» **Action item**
For the listing below, print exactly the lines from the line with "Pelota y canasta de baloncesto" to the line with "PSAFLIVE's tweet photo.", both included, and nothing beyond them.

» **Records to process**

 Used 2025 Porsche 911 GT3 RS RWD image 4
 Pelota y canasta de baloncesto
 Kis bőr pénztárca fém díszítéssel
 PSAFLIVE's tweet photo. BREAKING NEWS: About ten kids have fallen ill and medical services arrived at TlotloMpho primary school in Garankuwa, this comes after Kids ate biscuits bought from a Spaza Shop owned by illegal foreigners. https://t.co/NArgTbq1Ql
--
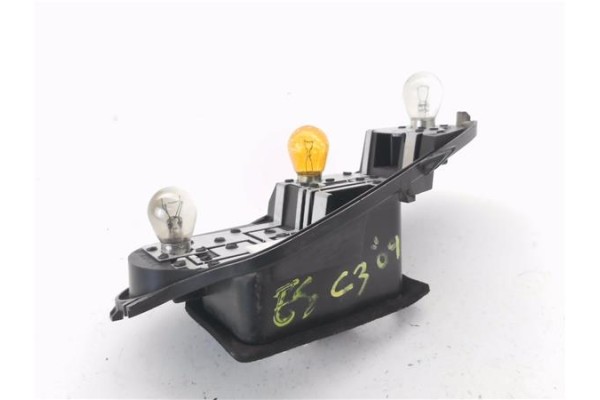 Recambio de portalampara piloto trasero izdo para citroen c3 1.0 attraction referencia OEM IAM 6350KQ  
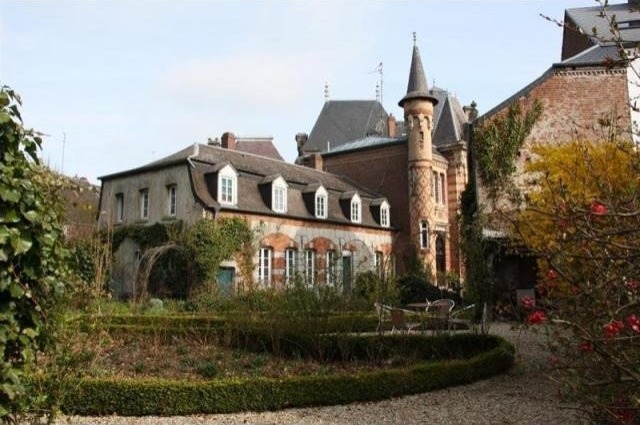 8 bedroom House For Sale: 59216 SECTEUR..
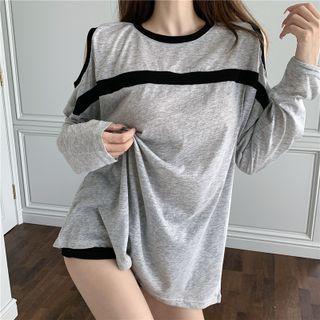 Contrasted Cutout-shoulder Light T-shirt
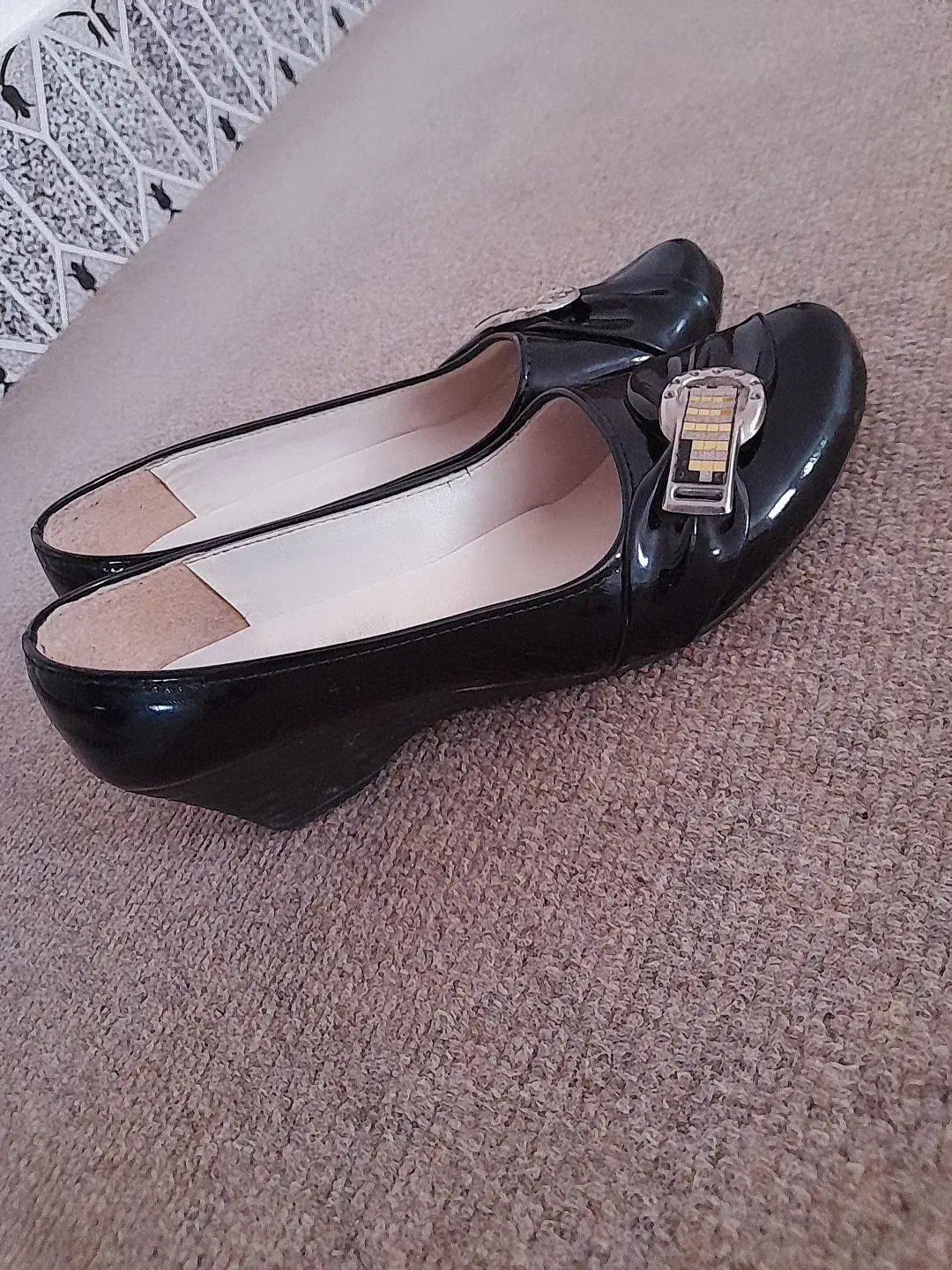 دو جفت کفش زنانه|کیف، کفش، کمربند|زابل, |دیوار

» **Solution to the problem**
 Pelota y canasta de baloncesto
 Kis bőr pénztárca fém díszítéssel
 PSAFLIVE's tweet photo. BREAKING NEWS: About ten kids have fallen ill and medical services arrived at TlotloMpho primary school in Garankuwa, this comes after Kids ate biscuits bought from a Spaza Shop owned by illegal foreigners. https://t.co/NArgTbq1Ql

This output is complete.